ICML2025

Ladder-Residual: Parallelism-Aware Architecture for Accelerating Large Model Inference with Communication Overlapping

Muru Zhang, Mayank Mishra, Zhongzhu Zhou, William Brandon, Jue Wang, Yoon Kim, Jonathan Ragan-Kelley, Shuaiwen Leon Song, Ben Athiwaratkun, Tri Dao

出版方

摘要

Large language model inference is both memoryintensive and time-consuming, often requiring distributed algorithms to efficiently scale. Various model parallelism strategies are used to partition computation across multiple devices, reducing memory load and computation time. However, using model parallelism requires communication of information between GPUs, which limits the gains obtained by scaling up the number of devices.
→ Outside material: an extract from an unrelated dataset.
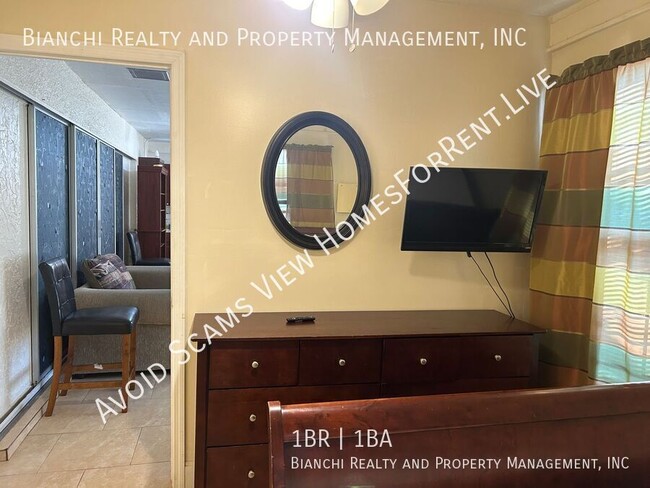 Building Photo - 3146 Carlos Dr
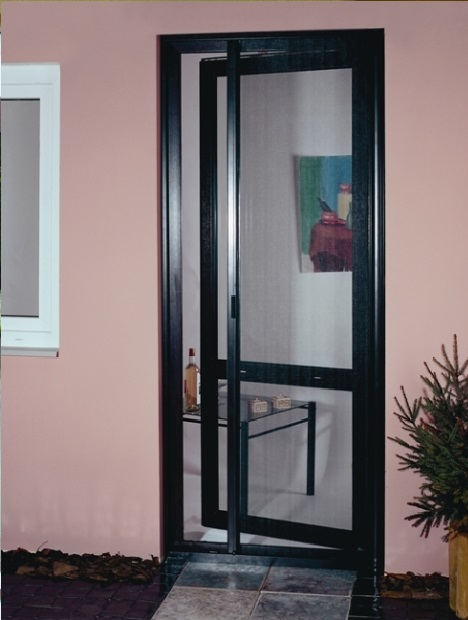 Москитная сетка на дверь балконную –  с установкой по низкой цене .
We introduce Ladder Residual, a simple architectural modification applicable to all residualbased models that enables straightforward overlapping to hide the latency of communication. Our insight is that in addition to system optimizations, the model architecture can also be redesigned to decouple communication from computation. While Ladder Residual can allow communication-computation decoupling in conventional parallelism patterns, we focus on Tensor Parallelism in this paper, which is particularly bottlenecked by its heavy communication. For a Transformer model with 70B parameters, applying Ladder Residual to all its layers can achieve 29% end-to-end wall clock speedup at inference time with sharding over 8 devices. We train a 1.2B and 3.5B Ladder Residual based Transformer models from scratch and observe comparable performance to a standard dense transformer baseline. We also show that it is possible to convert parts of the Llama-3.1 8B model to our Ladder Residual architecture with minimal accuracy degradation by only retraining for 3B tokens.